The currently used diagnostic laboratory methods for the detection of these parasites are divergent. The diagnosis of D. immitis is based on the detection of microfilariae or circulating antigens released by mature adult female worms into the blood circulation, both being detectable starting from 6 months after infection. A variety of tests have been developed for the detection of circulating antigens, employing lateral flow immunochromatographic techniques, membrane ELISAs or conventional ELISAs[22–24]. Test evaluations showed that the sensitivity of heartworm antigen tests depends on the worm burden, and the sex and age of the parasites[24–28], while the specificity of the kits is regularly indicated to be very high, between 95% and 100%[23, 25, 26, 29, 30]. However, only occasionally were potential cross-reactions evaluated in animals with natural or experimental infections with other helminths, mainly against other filarial nematodes such as Dipetalonema reconditum[22, 31] or Dirofilaria repens, indicating that modern test kits may overcome cross-reactions detected in previously developed test kits for these parasites[32, 33], and, rarely, against intestinal parasites such as Ancylostoma caninum and Trichuris spp.[22, 34]. The most current diagnostic method for detection of A. vasorum infections in dogs is the isolation of first stage larvae (L1) from faecal samples, which are produced by the parasites approximately 6–7 weeks after infection. Larval migration techniques such as the Baermann-Wetzel method are commonly adopted. Furthermore, ELISAs for the detection of antibodies against A. vasorum have been described[7, 9], and, recently, tests for the detection of circulating antigen of A. vasorum have been developed. These latter ones have been evaluated for cross-reactions against Crenosoma vulpis[8, 10] and also against intestinal parasites (Toxocara canis, Ancylostoma caninum) and, importantly, against D. immitis, showing a high specificity (94-100%).

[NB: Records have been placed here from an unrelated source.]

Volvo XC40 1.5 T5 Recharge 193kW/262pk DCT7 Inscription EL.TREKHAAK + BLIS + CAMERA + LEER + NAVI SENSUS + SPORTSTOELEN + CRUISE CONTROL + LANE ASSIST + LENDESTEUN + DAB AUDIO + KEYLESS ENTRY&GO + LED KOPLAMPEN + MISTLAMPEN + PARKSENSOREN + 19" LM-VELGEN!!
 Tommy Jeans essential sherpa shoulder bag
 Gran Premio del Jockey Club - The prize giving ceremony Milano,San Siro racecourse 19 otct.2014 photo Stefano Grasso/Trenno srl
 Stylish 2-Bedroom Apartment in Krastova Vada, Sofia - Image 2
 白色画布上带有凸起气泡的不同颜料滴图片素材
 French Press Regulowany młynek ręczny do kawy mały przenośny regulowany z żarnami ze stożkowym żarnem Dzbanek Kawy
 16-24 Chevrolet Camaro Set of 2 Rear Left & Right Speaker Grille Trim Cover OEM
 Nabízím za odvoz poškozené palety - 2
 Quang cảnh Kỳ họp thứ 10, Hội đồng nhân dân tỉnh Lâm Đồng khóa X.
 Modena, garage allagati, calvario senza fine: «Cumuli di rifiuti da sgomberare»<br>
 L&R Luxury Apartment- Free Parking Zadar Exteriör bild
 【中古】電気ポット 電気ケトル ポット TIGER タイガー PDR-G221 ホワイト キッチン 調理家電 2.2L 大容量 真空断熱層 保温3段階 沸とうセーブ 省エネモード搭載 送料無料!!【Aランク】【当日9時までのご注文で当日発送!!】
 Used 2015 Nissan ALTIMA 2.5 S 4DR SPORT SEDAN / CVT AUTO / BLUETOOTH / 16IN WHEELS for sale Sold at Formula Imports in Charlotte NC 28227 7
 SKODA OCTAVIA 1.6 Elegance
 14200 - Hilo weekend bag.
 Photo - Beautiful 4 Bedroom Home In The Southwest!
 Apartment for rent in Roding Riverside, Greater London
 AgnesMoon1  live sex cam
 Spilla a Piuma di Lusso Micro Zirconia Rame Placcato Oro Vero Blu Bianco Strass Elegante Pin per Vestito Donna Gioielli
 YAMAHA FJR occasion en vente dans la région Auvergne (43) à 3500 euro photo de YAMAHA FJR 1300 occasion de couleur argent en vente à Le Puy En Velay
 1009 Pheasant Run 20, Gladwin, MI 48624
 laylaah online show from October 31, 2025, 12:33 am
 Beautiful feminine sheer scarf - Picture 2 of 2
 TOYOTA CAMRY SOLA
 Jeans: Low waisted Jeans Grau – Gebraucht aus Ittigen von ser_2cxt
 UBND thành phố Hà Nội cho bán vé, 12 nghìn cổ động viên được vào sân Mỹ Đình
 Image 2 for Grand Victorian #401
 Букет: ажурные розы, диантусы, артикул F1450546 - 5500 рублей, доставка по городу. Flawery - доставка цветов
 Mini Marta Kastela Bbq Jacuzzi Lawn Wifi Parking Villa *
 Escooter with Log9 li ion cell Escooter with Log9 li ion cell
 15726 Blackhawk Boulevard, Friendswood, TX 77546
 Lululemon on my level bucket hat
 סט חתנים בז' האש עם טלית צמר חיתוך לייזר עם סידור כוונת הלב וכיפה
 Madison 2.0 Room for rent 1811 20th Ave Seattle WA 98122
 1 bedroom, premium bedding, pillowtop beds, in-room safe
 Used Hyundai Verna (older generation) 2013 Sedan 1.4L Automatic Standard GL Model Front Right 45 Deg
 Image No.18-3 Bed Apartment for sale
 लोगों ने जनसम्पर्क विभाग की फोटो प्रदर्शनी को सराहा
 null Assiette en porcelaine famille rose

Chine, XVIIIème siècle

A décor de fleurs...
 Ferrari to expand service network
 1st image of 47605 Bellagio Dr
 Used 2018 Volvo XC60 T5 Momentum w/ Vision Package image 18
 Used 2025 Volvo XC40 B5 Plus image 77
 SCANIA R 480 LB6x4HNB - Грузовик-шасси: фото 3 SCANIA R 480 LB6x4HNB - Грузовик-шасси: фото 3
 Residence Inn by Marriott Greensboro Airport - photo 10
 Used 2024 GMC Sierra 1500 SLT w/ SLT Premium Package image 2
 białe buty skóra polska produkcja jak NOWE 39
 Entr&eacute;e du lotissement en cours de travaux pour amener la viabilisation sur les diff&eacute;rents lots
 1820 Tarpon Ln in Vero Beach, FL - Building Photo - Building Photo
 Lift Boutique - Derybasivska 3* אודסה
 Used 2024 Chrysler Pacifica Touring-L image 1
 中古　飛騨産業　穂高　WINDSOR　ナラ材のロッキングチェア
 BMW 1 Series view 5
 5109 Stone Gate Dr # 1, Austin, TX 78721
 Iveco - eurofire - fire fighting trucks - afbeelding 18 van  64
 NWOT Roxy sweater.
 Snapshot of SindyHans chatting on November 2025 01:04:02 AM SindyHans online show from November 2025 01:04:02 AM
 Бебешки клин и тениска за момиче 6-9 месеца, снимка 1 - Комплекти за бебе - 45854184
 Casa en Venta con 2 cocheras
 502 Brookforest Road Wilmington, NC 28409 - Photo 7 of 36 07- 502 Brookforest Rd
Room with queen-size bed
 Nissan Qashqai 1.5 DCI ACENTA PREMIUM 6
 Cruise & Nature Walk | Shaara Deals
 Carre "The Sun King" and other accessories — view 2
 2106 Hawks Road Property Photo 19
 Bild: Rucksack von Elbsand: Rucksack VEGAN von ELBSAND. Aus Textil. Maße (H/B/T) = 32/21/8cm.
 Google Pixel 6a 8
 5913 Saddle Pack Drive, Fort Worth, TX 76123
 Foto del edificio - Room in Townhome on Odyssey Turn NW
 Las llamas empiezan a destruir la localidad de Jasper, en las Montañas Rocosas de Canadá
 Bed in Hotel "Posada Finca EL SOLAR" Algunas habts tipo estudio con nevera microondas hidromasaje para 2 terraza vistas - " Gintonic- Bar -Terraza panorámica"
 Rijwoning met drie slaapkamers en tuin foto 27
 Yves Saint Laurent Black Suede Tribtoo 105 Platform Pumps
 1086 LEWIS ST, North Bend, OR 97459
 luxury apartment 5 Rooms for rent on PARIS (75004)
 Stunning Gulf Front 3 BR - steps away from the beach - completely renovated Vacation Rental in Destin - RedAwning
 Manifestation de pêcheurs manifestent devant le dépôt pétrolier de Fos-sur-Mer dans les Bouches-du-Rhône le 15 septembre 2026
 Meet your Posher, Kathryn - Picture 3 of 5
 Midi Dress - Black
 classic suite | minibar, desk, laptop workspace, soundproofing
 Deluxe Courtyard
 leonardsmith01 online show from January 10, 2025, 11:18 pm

Due to their common localization within the definitive hosts, their considerable size and particularly the well documented production of circulating antigens[31, 36], it was argued that antigens of A. vasorum and D. immitis may share epitopes responsible for potential cross-reactions in antigen detection tests. This hypothesis has been confirmed during the development of the ELISA for the detection of circulating antigen for A. vasorum.
The aim of the study was to evaluate potential cross-reactions of sera from dogs experimentally infected with A. vasorum in six different commercially available tests for the detection of D. immitis antigen.